What is expected =
The lines to output run from the first line of the entries below through the line containing "Mysterious creatures discovered"; copy them exactly and leave out pictures.

Saved entries:
------
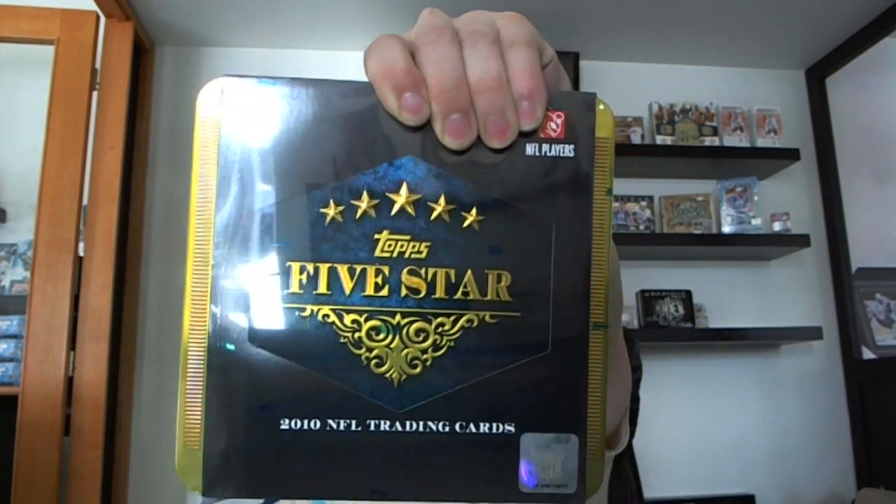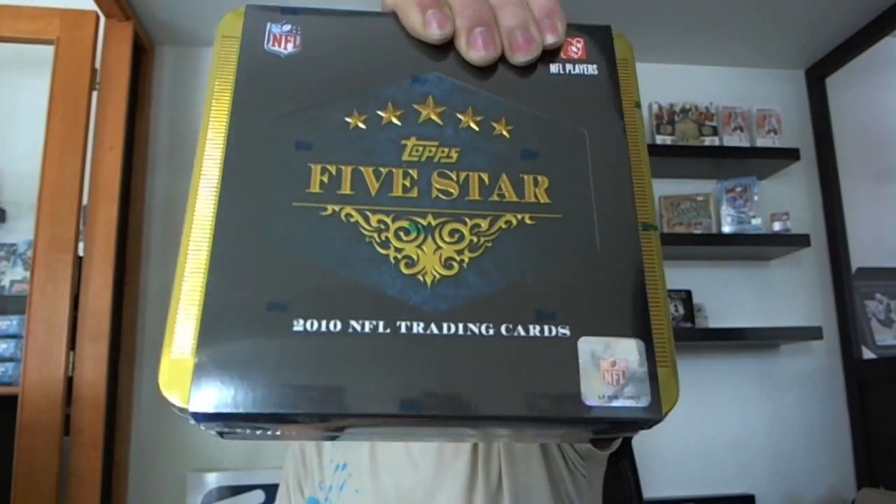And I posted a decently big football break — 10 mixed boxes with Sterling, Certified, Timeless Treasures, Absolute, Longevity, Gridiron Gear, Gridiron Legends, Triple Threads, Gold Standard. It gets even better when you factor in the 10 packs of Five Star that I'm throwing into the break.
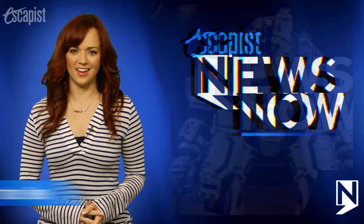Mysterious creatures discovered in Titanfall and I've got the details. Welcome back to The Escapist, I'm Andrea Rene.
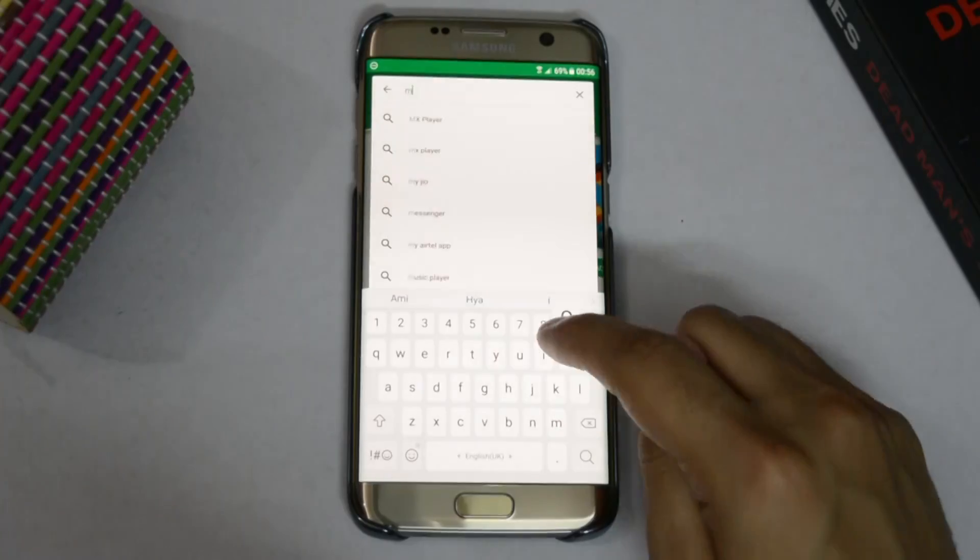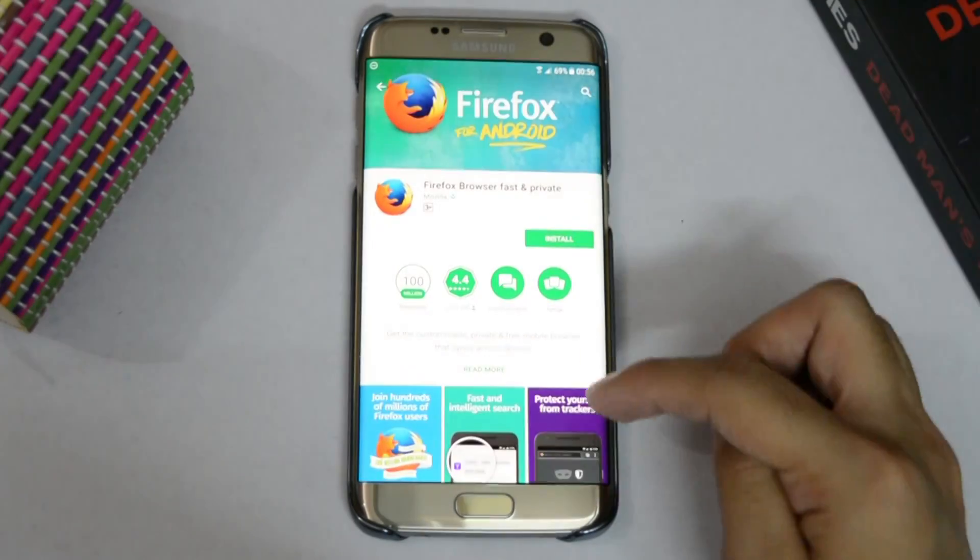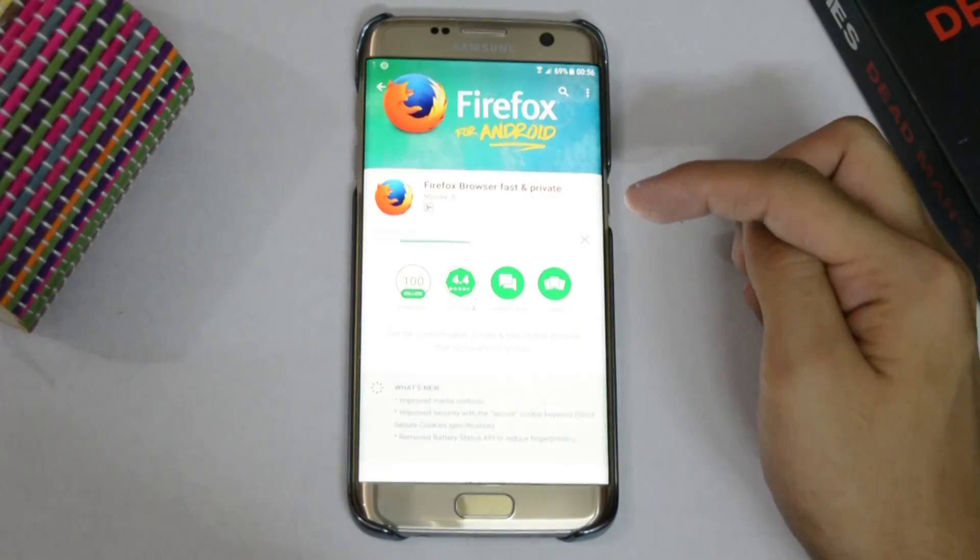Now we all know it is not possible from the YouTube app. So what do we need to do? Go to the Play Store and download Firefox. Now why are we downloading Firefox? We can use Google Chrome or the pre-installed browser, but the problem with those is that they are already connected to YouTube and once we type in the URL YouTube.com it will automatically redirect us to the YouTube app itself. That's why we are downloading Firefox.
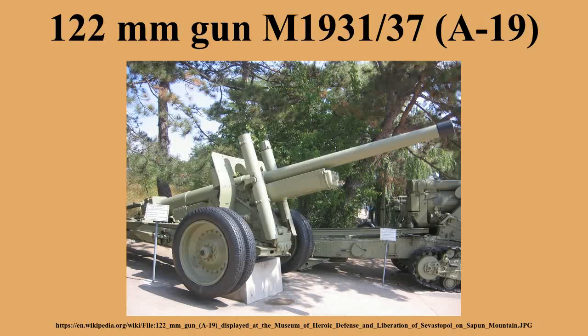Unusually, the new variant, like the old one, was referred to as A19.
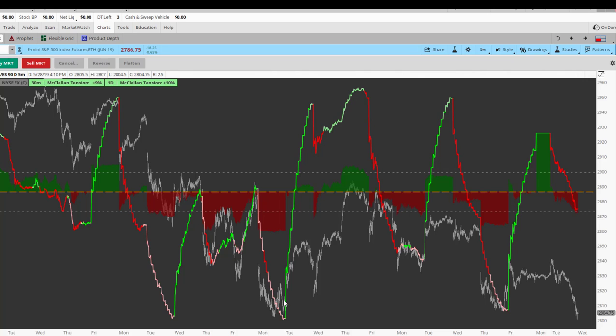Otherwise, we are bearish trending. I'm trading with the bears. Good luck out there, and I will see you guys in the room.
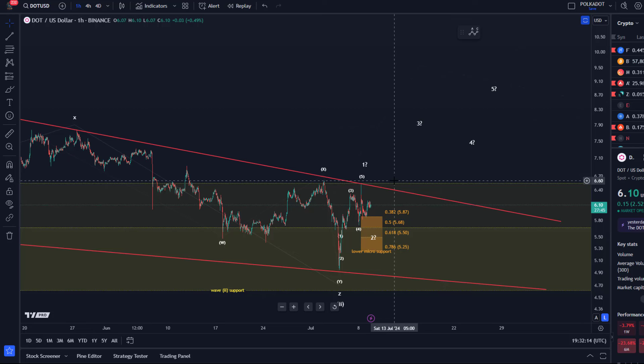Hello and welcome to another update video about DOT. On the DOT chart we can see that the market is still moving within the wedge pattern.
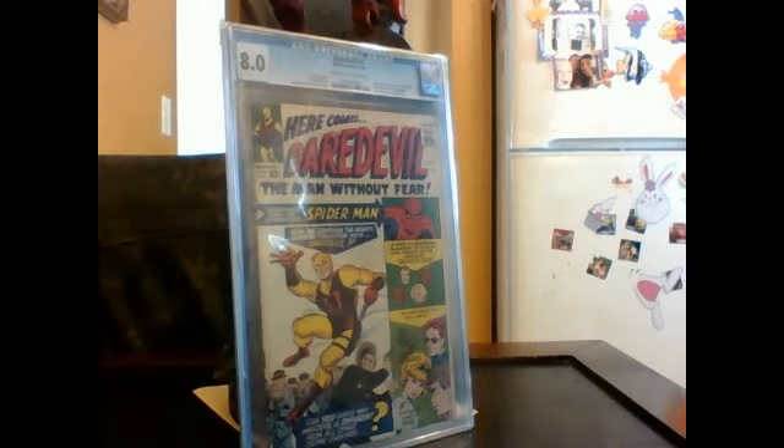Good morning folks, this is Longshot1982 here with another review. Today we're going to be reviewing probably my favorite superhero throughout history. He's pretty much that type of guy that's a great symbol of overcoming challenges — that no matter what happens to you, you can still rise above the rest and prove that you are not worthless, that you are a person and you have a lot to offer.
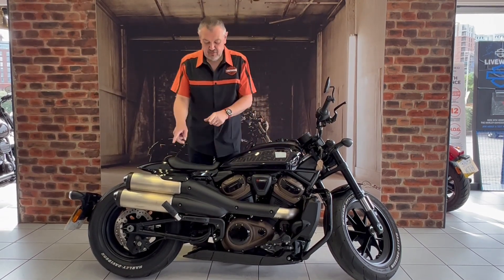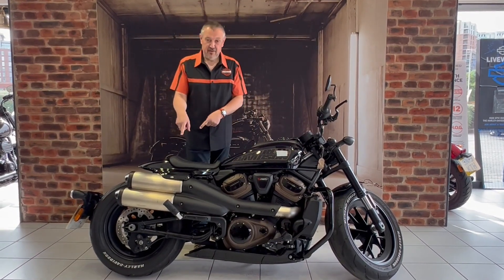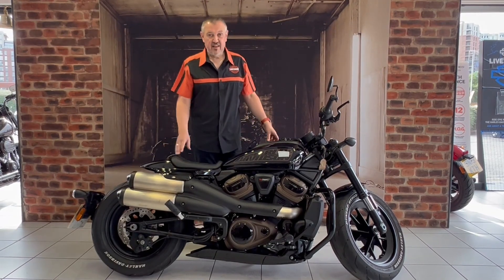It's normally got the engine bars on, it's also got pillion mounts and pillion pegs — no pillion seat, as you can see. The bike's in lovely condition.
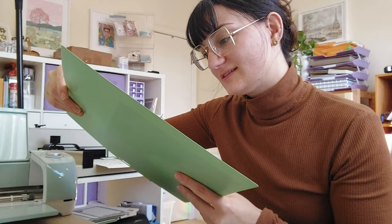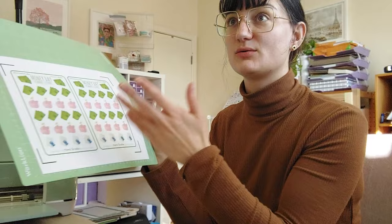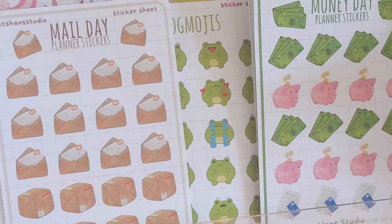Oh no — I just wasted two sticker papers because I had it set up on the wrong cut. Completely my own fault — it thought it was cutting the mail day page but was actually cutting the money day. That's just classic. I think it's a sign that as soon as I finish this last page I'm going to head out like I said I was going to, because it's just not happening right now. I need some coffee and some food.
------
The completed task =
And I posted a decently big football break — 10 mixed boxes with Sterling, Certified, Timeless Treasures, Absolute, Longevity, Gridiron Gear, Gridiron Legends, Triple Threads, Gold Standard. It gets even better when you factor in the 10 packs of Five Star that I'm throwing into the break.
Mysterious creatures discovered in Titanfall and I've got the details. Welcome back to The Escapist, I'm Andrea Rene.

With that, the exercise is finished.